## [Exercise instructions]
Retype the following data exactly, but leave its pictures out.

## [Data shown]
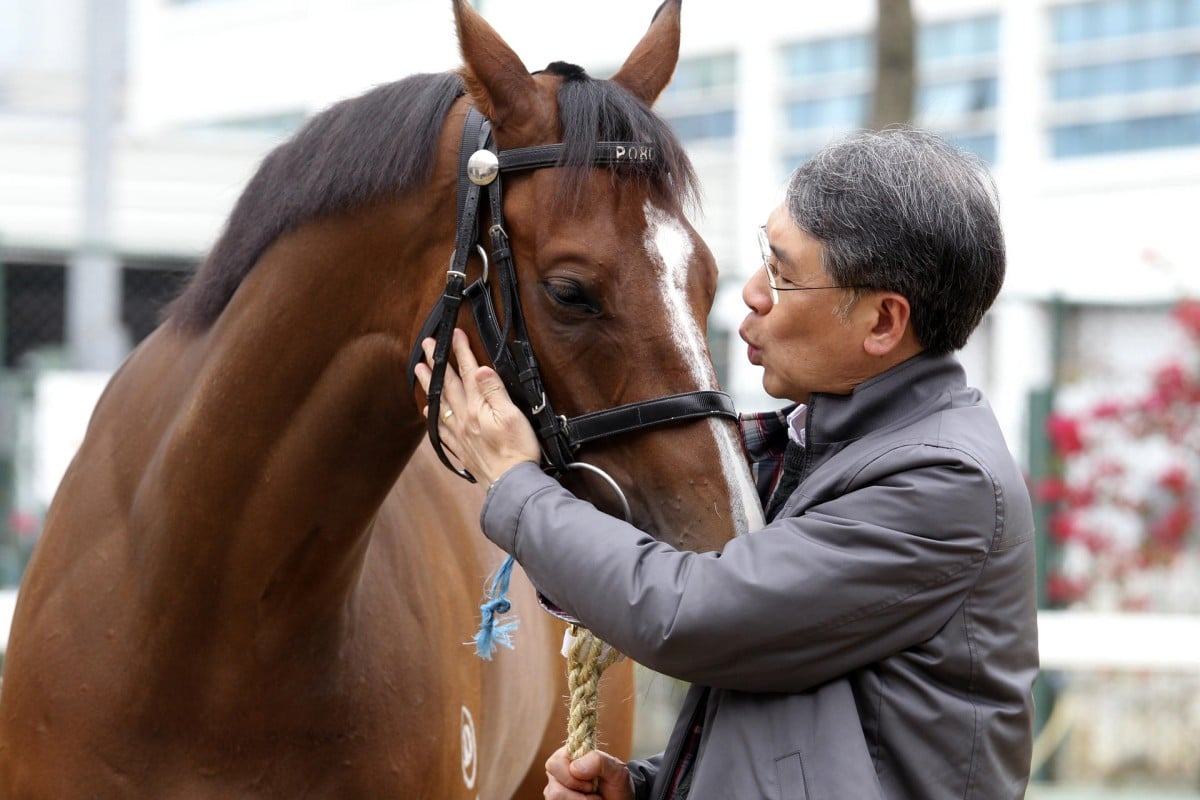 Owner Dr Gene Tsoi Wai-wang with Mr Gnocchi before his run in the Hong Kong Derby, where he finished a game fourth. He is the first of this year's Derby crop to race since. Photos: Kenneth Chan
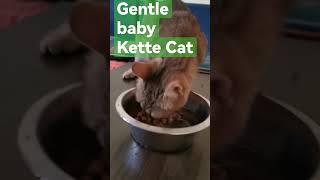 AMAZING#asmr #highlights #short#viral #kettyCat#Sarabi#catlover #shortvideo #helen #cat #catvideos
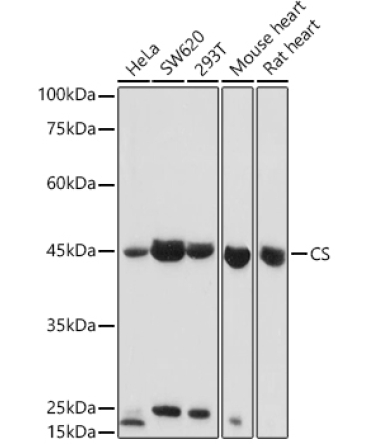 CS Rabbit Polyclonal Antibody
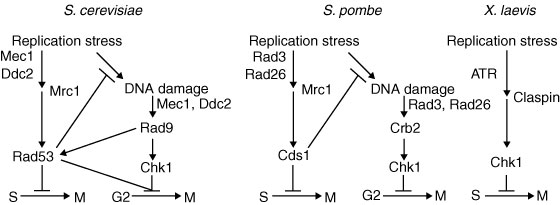 A schematic diagram shows three pathways by which replication stress influences cell cycle checkpoints. The pathway at left occurs in S. cereviseae cells; the pathway in the middle occurs in S. pombe cells; and the pathway at right occurs in X. laevis cells. Each pathway is represented as a diagram of interconnected, downward-pointing vertical, horizontal, and diagonal arrows. Proteins are located in various positions between the arrows in each of the three pathways. In each pathway, replication stress is shown at the top of the diagram, and the cell cycle checkpoints affected by the signal cascade are shown at the bottom of the diagram.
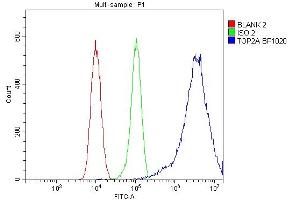 Flow Cytometry analysis of 293T cells using anti-TOP2A antibody (ABIN7602988).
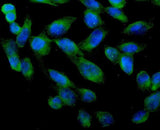 Anti-ARA9/AIP Antibody Picoband® Boster Bio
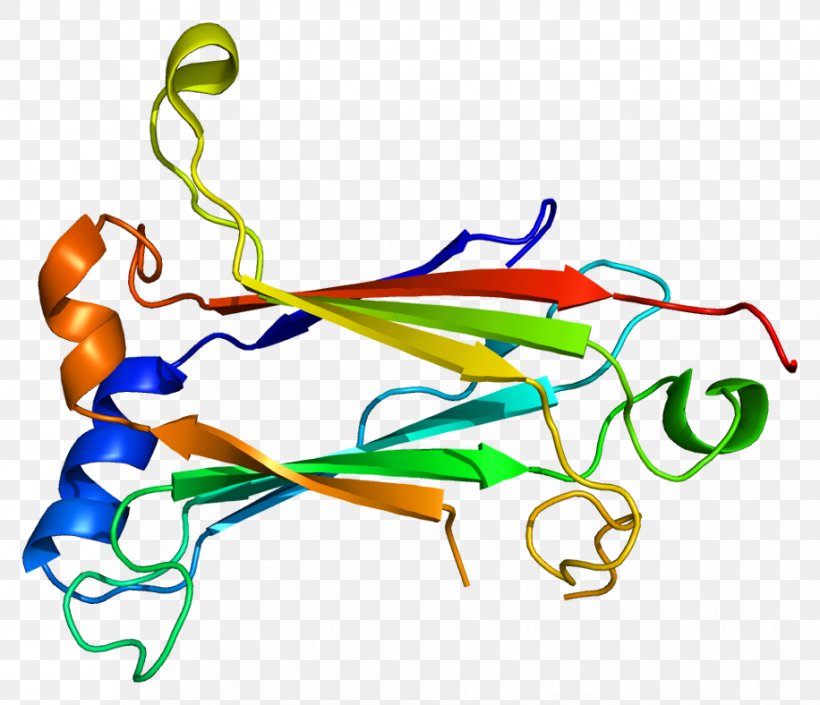 TRAF6 TNF Receptor Associated Factor Protein IRAK1 Ubiquitin Ligase, PNG, 916x788px, Watercolor, Cartoon, Flower, Frame, Heart Download Free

## [Answer area]
 Owner Dr Gene Tsoi Wai-wang with Mr Gnocchi before his run in the Hong Kong Derby, where he finished a game fourth. He is the first of this year's Derby crop to race since. Photos: Kenneth Chan
 AMAZING#asmr #highlights #short#viral #kettyCat#Sarabi#catlover #shortvideo #helen #cat #catvideos
 CS Rabbit Polyclonal Antibody
 A schematic diagram shows three pathways by which replication stress influences cell cycle checkpoints. The pathway at left occurs in S. cereviseae cells; the pathway in the middle occurs in S. pombe cells; and the pathway at right occurs in X. laevis cells. Each pathway is represented as a diagram of interconnected, downward-pointing vertical, horizontal, and diagonal arrows. Proteins are located in various positions between the arrows in each of the three pathways. In each pathway, replication stress is shown at the top of the diagram, and the cell cycle checkpoints affected by the signal cascade are shown at the bottom of the diagram.
 Flow Cytometry analysis of 293T cells using anti-TOP2A antibody (ABIN7602988).
 Anti-ARA9/AIP Antibody Picoband® Boster Bio
 TRAF6 TNF Receptor Associated Factor Protein IRAK1 Ubiquitin Ligase, PNG, 916x788px, Watercolor, Cartoon, Flower, Frame, Heart Download Free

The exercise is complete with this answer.